#### To do:
Copy from the first line below down to and including the line with "The third component". Skip the pictures.

#### Data provided:

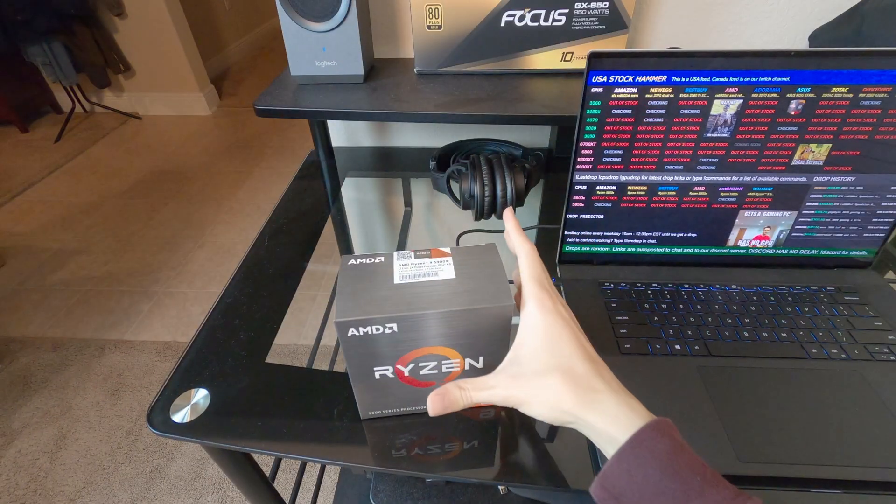I got a 5900X at least — that's a starting point. On the power supply back there, that's an 850 watt Seasonic Focus Plus Gold power supply, but that's not too hard to get. Before we end this video I think I need to unbox this 5900X on camera, because this is such a special moment. Here we go.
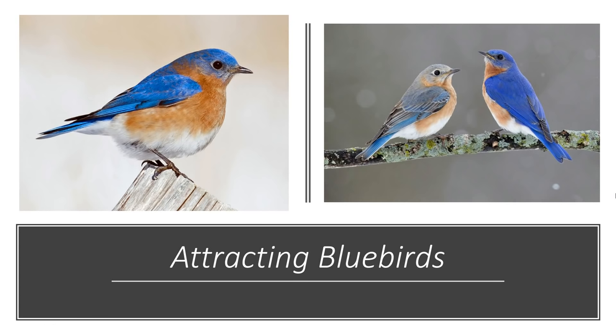Hello and welcome to Attracting Bluebirds. My name is Liz Magnanti and I manage the Bird Haus in Rochester, New York. Today we are talking about how to attract bluebirds to your yard or your landscape. There are several different things you can do and we will get started.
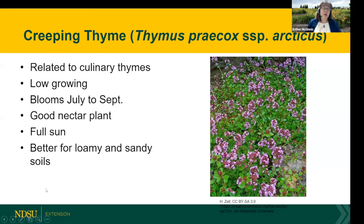The third component is creeping thyme, which is related to the herb. I used to grow creeping thyme in my backyard in the Twin Cities — it was a nice ground cover, well behaved, low growing, and it would bloom from July into fall. A very good nectar plant. This one prefers full sun and is better for lighter, loamy, and sandier soils. But of the three species, the creeping thyme and self-heal are kind of a bonus — it's really the Dutch white clover that does the majority of the work, and that's what we're recommending.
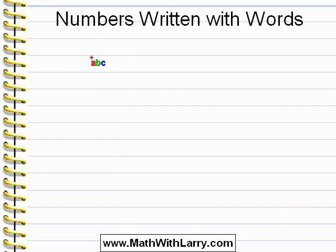We know that when we write a check, we need to write out the dollar amount in words. And in formal writing, it's considered proper to spell out numbers that are less than 100 — we don't write the digits.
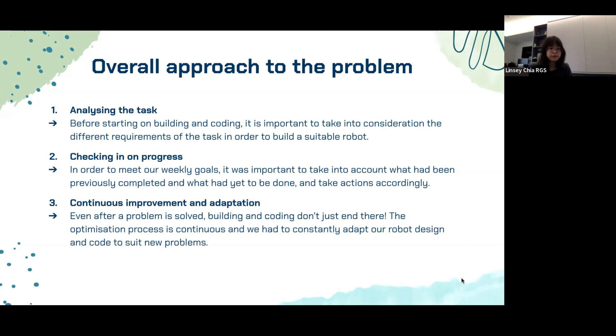For continuous improvement and adaptation, even after a problem is solved, building and coding doesn't end there. The optimization process is continuous — we had to constantly adapt our robot design and code to suit new problems. For example, when our ultrasonic sensors caused our code to lag, we adapted by hard-coding the route the robot would follow in the evacuation zone. Another example is our claw — although our initial design worked somewhat reliably, we went back to the drawing board and came up with a more robust design that allowed us to pick up both balls and the rescue kit, as well as deposit them at a level 2 evacuation point.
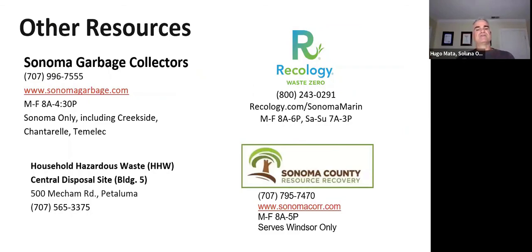There are three garbage collection companies in Sonoma County. Sonoma Garbage Collectors serves the town of Sonoma, including Creekside, Chanterell, and Temelec. Recology serves the rest of the county, with the exception of Windsor, which is served by Sonoma County Recovery Resources. For any questions about recycling household hazardous waste, visit zerowastesonoma.gov or call EcoDesk.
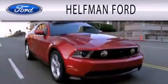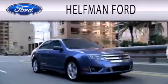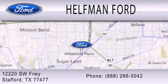Healthman Ford is dedicated to doing everything possible to ensure that the experience you have selecting your next vehicle is as pleasant as possible. We are located at 12220 Southwest Freeway in Stafford.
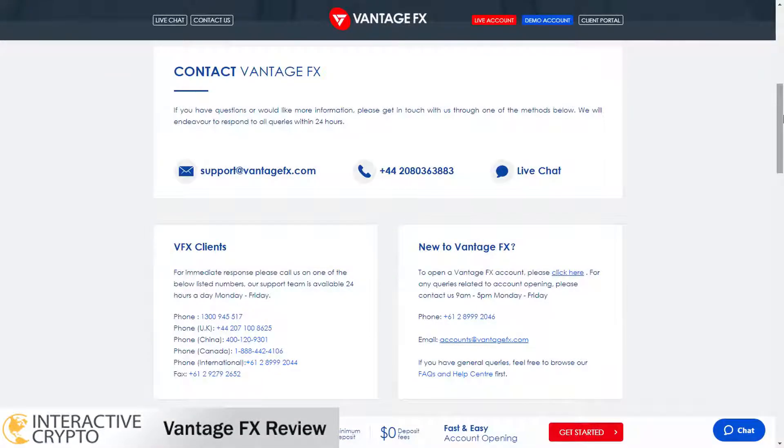VantageFX support team is available from Monday to Friday. You can send an email, use the live chat, or call the VantageFX support team. To get answers for any questions related to VantageFX broker you can also visit the frequently asked questions page.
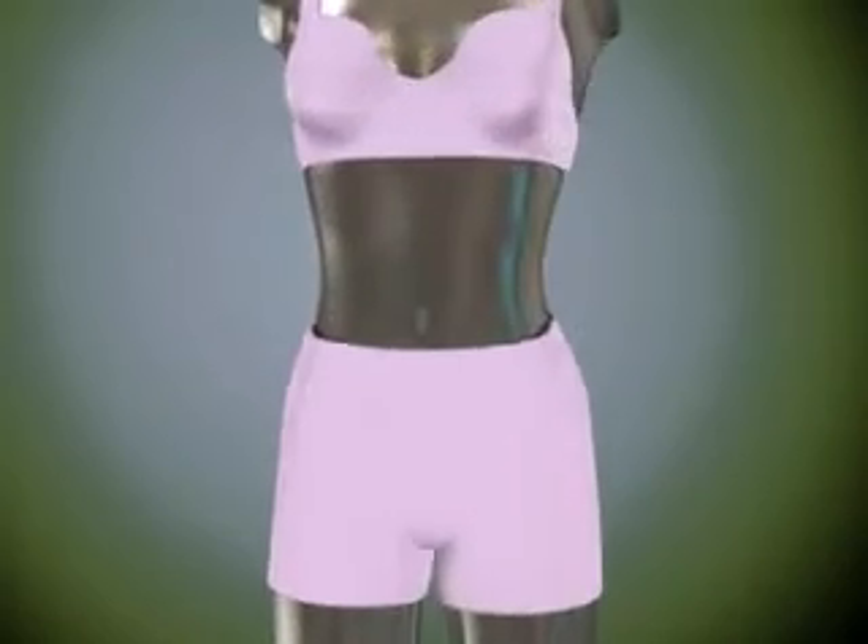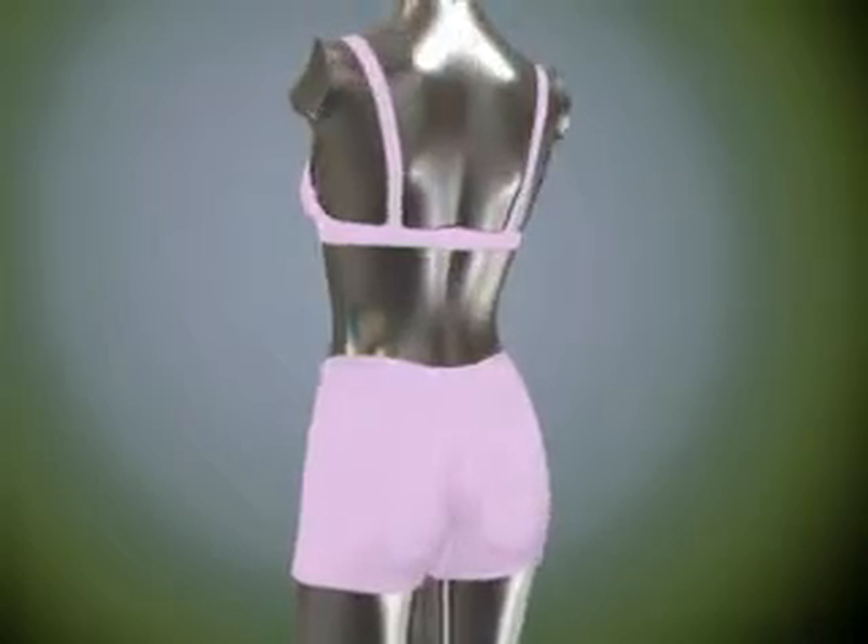The invention consists of bras and panties that otherwise look like their conventional counterparts. However, it can be seen that each of these items are provided with specialized storage compartments for the storage of tampons, pads, and similar feminine hygiene products.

#### Expected answer:
I got a 5900X at least — that's a starting point. On the power supply back there, that's an 850 watt Seasonic Focus Plus Gold power supply, but that's not too hard to get. Before we end this video I think I need to unbox this 5900X on camera, because this is such a special moment. Here we go.
Hello and welcome to Attracting Bluebirds. My name is Liz Magnanti and I manage the Bird Haus in Rochester, New York. Today we are talking about how to attract bluebirds to your yard or your landscape. There are several different things you can do and we will get started.
The third component is creeping thyme, which is related to the herb. I used to grow creeping thyme in my backyard in the Twin Cities — it was a nice ground cover, well behaved, low growing, and it would bloom from July into fall. A very good nectar plant. This one prefers full sun and is better for lighter, loamy, and sandier soils. But of the three species, the creeping thyme and self-heal are kind of a bonus — it's really the Dutch white clover that does the majority of the work, and that's what we're recommending.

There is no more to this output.